Seen through the windshield are the Queensboro Bridge in New York, a tiny
airplane in the sky, and a man on the embankment with his dog continuing
on his way, unaware of the plane that sooner or later will crash. Kanovitz
has translated Auden's thoughts into the language of the painted image.
Much that doesn't alter the flow of life goes unnoticed, both past and
present. The everyday life of the urbanite turns to legend and becomes,
as writer William Berkson of once said, a fragment of a public mythology."
The painting "Icarus" is exemplary of iconography that is typical of Kanovitz:
the permeability of internal and external as symbolized by the windshield,
the interweaving of public and private, and of everyday life and legend.

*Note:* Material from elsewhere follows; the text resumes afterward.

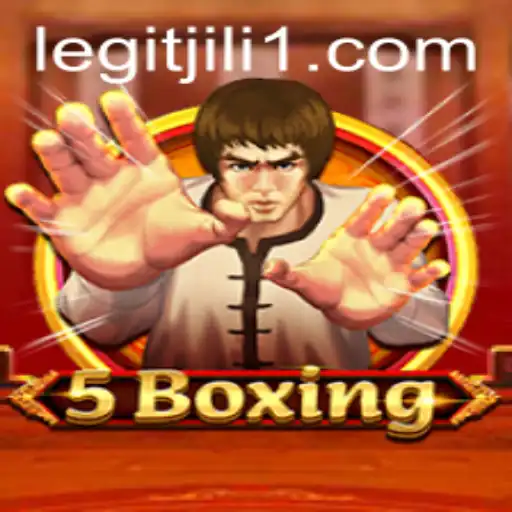 The Intriguing World of 5Boxing: A Game That Blends Strategy and Skill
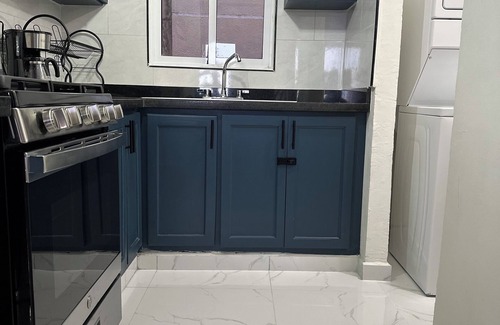 San Juan Province Apartment | Luxury Mountain View 3 Bedroom Apartment in charming San Juan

Seeing what one sees is, to paraphrase Le Corbusier, the mark of this
style. This means also recognizing what in the first viewing may be hidden,
but which emerges to make the passing moment permanent and gives perspective
to commonplace experience. This has always been the case with Kanovitz.
As a student and assistant to the painter Franz Kline (1910-1962), he
was still coming to terms with Action Painting.